Dalla Commissione, però, si celebra l'intesa che «garantirà la libera circolazione dei cittadini in piena sicurezza.
LA SPERIMENTAZIONE
17 Paesi Ue, Italia compresa, hanno già effettuato le sperimentazioni tecniche della piattaforma che garantirà caricamento e scansione del pass, un codice QR che, su supporto smartphone o cartaceo, attesterà quando si è stati vaccinati (e con quale prodotto), se si è guariti dall'infezione, oppure se è stato effettuato un tampone con risultato negativo. La regola generale è che non si possano imporre restrizioni ulteriori (come l'obbligo di test all'ingresso o la quarantena) a chi è in possesso del certificato Ue, ma gli Stati potranno decidere temporaneamente di derogare al principio e introdurre misure più stringenti per chi arriva nel loro Paese, notificandole a Bruxelles.

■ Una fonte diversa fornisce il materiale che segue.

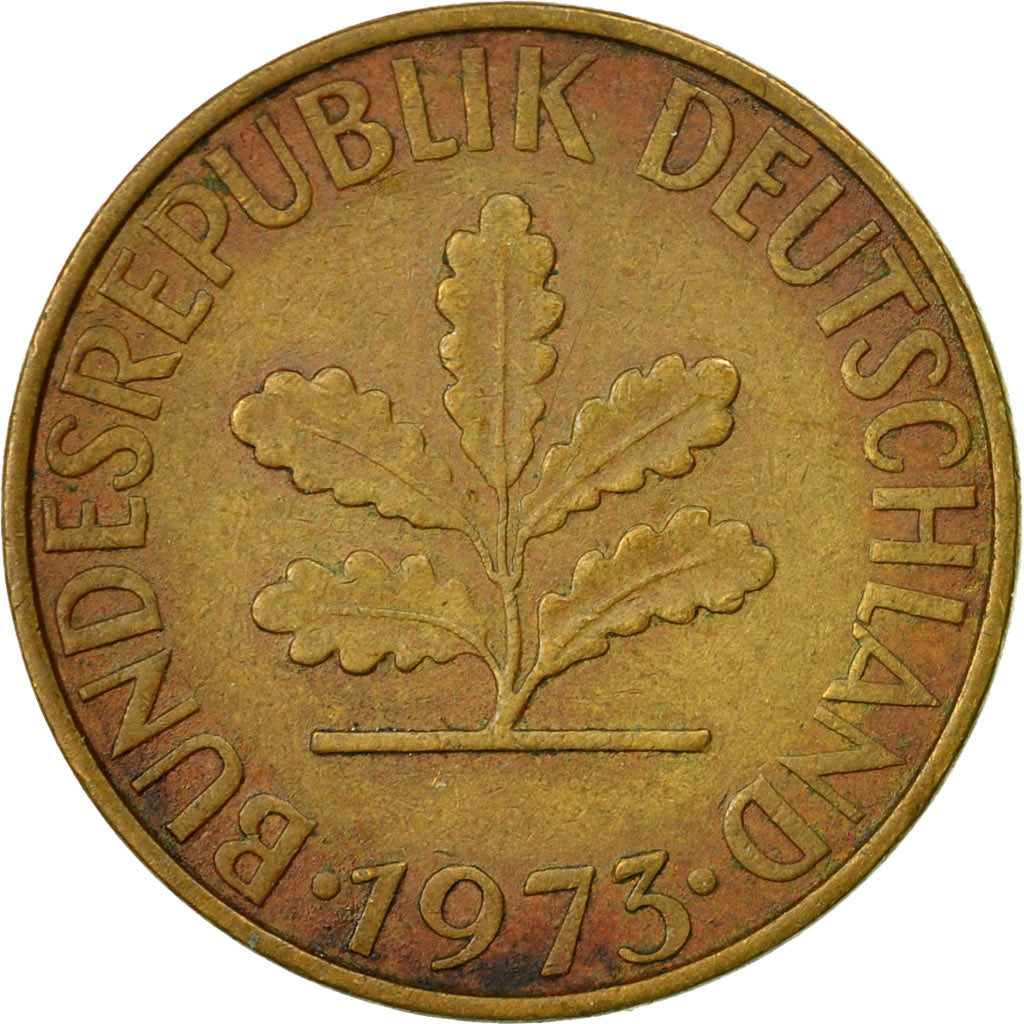 Moneta, GERMANIA - REPUBBLICA FEDERALE, 10 Pfennig, 1973, Hambourg, BB, Acciaio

È in particolare sulle caratteristiche concrete e le tempistiche di validità della prova fornita dal certificato, però, che ogni governo Ue potrà fare da sé, o quasi. È rimesso infatti alla valutazione di ogni Stato se sarà sufficiente una sola dose per considerare la persona vaccinata o se occorreranno entrambe (per i prodotti che ne prevedono due): qualunque sia la deliberazione finale, però, chiariscono da Bruxelles, il Paese dovrà garantire lo stesso trattamento a tutti, cittadini e non.

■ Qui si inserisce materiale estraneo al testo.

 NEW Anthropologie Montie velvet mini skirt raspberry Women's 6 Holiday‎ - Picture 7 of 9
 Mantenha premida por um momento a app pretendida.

Fonti della Commissione spiegano anche come funzionerà il pass per chi è guarito dall'infezione: farà fede il test molecolare con cui si è appreso di essere positivi. La copertura, però, non andrà oltre i 6 mesi; ma ogni Stato potrà fissare periodi più brevi, nel qual caso la persona guarita e non ancora vaccinata dovrà effettuare un tampone. Nulla da fare, invece, per i test sierologici: il certificato non li riconoscerà, almeno per il momento, anche se la decisione potrà essere rivista tra 4 mesi. A supportare la scelta dell'Ue anche l'Ecdc, il centro europeo per la prevenzione e il controllo delle malattie, secondo cui il sierologico «non dà assoluta garanzia che la persona non sia contagiosa o protetta contro l'infezione».

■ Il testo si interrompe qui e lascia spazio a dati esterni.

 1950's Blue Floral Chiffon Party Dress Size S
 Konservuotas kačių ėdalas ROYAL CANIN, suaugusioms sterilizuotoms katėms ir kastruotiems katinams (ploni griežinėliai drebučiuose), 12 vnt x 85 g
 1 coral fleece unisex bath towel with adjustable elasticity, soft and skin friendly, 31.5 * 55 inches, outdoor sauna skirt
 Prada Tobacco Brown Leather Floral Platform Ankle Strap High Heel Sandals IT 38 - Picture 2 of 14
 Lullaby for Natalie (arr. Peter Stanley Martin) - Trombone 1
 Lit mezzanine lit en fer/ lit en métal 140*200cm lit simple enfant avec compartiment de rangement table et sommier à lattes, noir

Caos in vista pure sulle tempistiche per i test molecolari: i singoli Paesi potranno continuare a scegliere se accettare tamponi effettuati nelle ultime 24, 48 o 72 ore; ma funzionari dell'esecutivo Ue assicurano che il lavoro continua dietro le quinte per assicurare un «approccio comune». Il rompicapo è assicurato. La Commissione prova a mettere una toppa e ricorda che c'è un portale online (reopen.europa.eu/it) dove recuperare tutte le informazioni utili per organizzarsi alla vigilia della partenza verso un altro Paese.